On every count the platitudinous apologists for mass surveillance took a kicking in yesterday’s Commons debate. Julian Smith, the previously unknown Tory MP who tried to get the Guardian prosecuted for treasonous behaviour in publishing details from the Snowden files, was reminded that the secretary of the D Notice committee, which advises the press against making revelations which could threaten national security, had made clear that the Guardian material did not involve a threat to anyone’s life.

Smith was also reminded that he himself had published on his website pictures of staff from RAF Menwith Hill, which is a breach of national security, whilst the Guardian which reproduced one of these pictures had pixelated their faces – so hypocrites should not throw stones. Furthermore, if the Guardian revelations had really breached national security, why has nobody at the Guardian been charged or arrested since their offices were searched last July? It did raise questions however as to whether the threat to national security was real or simply being used as a cover to block disclosures that were plainly embarrassing. The killer question for the securocrat hardliners was when the Intelligence and Security Committee (ISC) found out about GCHQ’s deployment of the Tempora programme with its capability for mass surveillance?

It emerged that it was only after the Guardian began its revelations in June. But the chair of the ISC, Tory MP Malcolm Rifkind, a pompous stooge of the establishment, let the cat out of the bag when he said he couldn’t divulge the answer because it was ‘classified’! But what punctured Rifkind’s balloon most dramatically was the realisation that had it not been for the Guardian’s (carefully selective) revelations from the Snowden files, we would still have not an inkling that the security services had the capability to access every phone, email, text or other internet traffic of every private citizen in the country.

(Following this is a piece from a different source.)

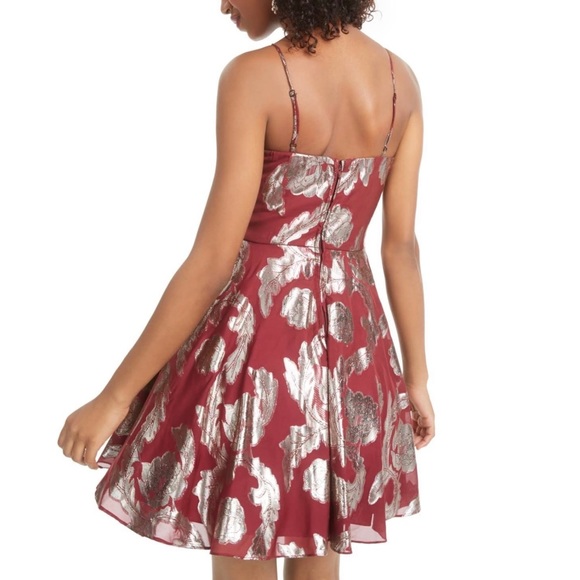 City Studios Juniors' Metallic-Print Fit & Flare Dress - Berry Size 3 - Picture 2 of 4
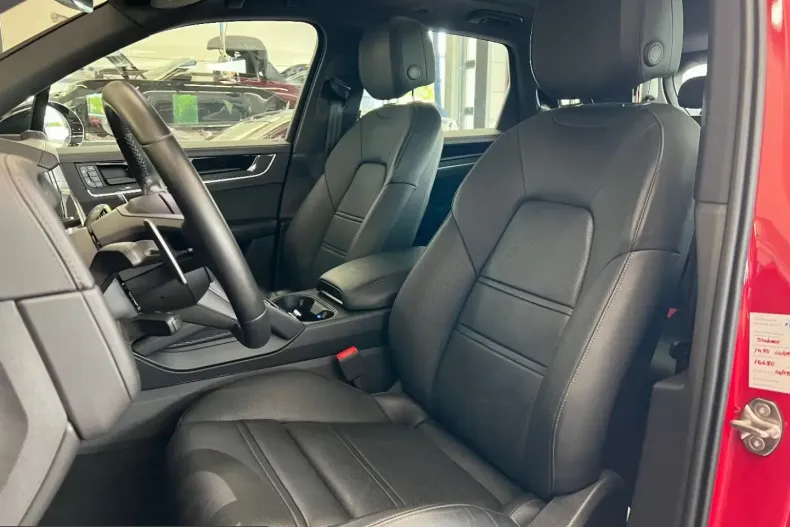 Porsche Cayenne din 2024 cu 7.800 km - oferta POR225457 - foto 14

The ISC, supposedly providing oversight of GCHQ and MI5, hadn’t a clue. Rifkind then delivered a defensive speech of surpassing blandness. He even seemed to be suggesting at one point that there was no need for reform of the ISC because he/they had already done that. When he finally agreed that some review was necessary, he rejected my demand for a fully independent committee of inquiry, and insisted that the ISC should review itself, preferably not by initiating a new inquiry but rather by slightly tweaking their own existing work programme. And when I reminded him that the real reason that Theresa May had been so anxious to push through the Communications Data Bill was to legitimise retrospectively the new technological capabilities that GCHQ had already been deploying for years, most notably the Tempora programme, he simply looked away.